Positioning has also turned cleaner in derivatives. “Longs got ‘delevered’ every day last week—that’s seven straight days of magic blue dots,” he said, describing persistent long liquidations and balance-sheet shrinkage among leveraged bulls. He is now “watching for the flip: when they give up and start shorting with leverage (exactly at the wrong time), providing fuel for a potential relief squeeze.”
Macro context may be additive, in his view. “Gold hit new highs last week. ‘Gold leads, bitcoin follows.’ The yellow metal often looks around corners, and it might be sniffing out the debasement trade headed into 2026 as the administration stokes the economy for mid-terms,” he wrote, suggesting a potential catch-up dynamic if Bitcoin lags the move in bullion.
That layered support map frames the oversold print as a tactical signal inside a still-intact longer-term uptrend, but it also acknowledges that violations of STH cost basis can extend tests toward the cycle’s primary trend gauge.

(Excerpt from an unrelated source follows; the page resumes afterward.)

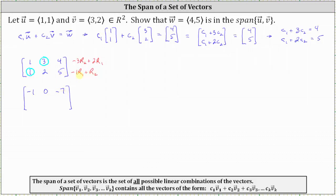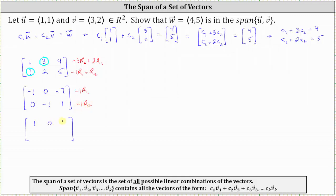Now replacing row two with negative one times row one plus row two: negative one times one plus one is zero. Negative one times three is negative three, plus two is negative one. Negative one times four is negative four, plus five is positive one. To make the leading entries positive one, we replace row one with negative one times row one and row two with negative one times row two, giving us [1, 0, 7] and [0, 1, -1].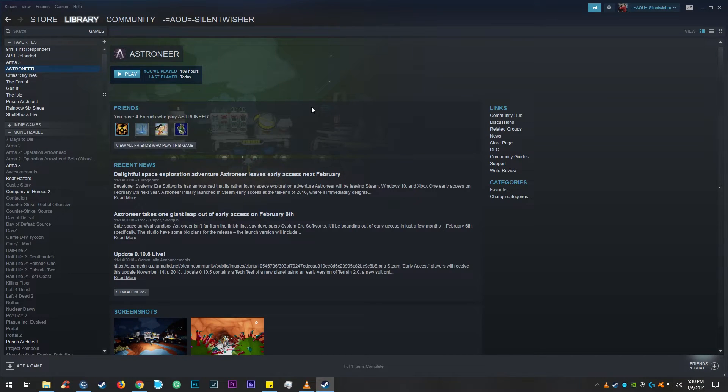Hello there everybody, SilentWisher here and I'm going to teach you how to make sure Astroneer launches on the proper screen.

Taken together, the confluence of these signals presents a strong confluence, according to Frank. Whether history rhymes again will hinge on spot demand emerging above short-term cost basis and on whether any shift toward aggressive shorting provides the fuel for a squeeze. As Frank summarized, “If we are in a bull market—and I believe we are—this is the kind of behavior that typically sets the stage for the next leg higher.”
At press time, BTC traded at $111,382.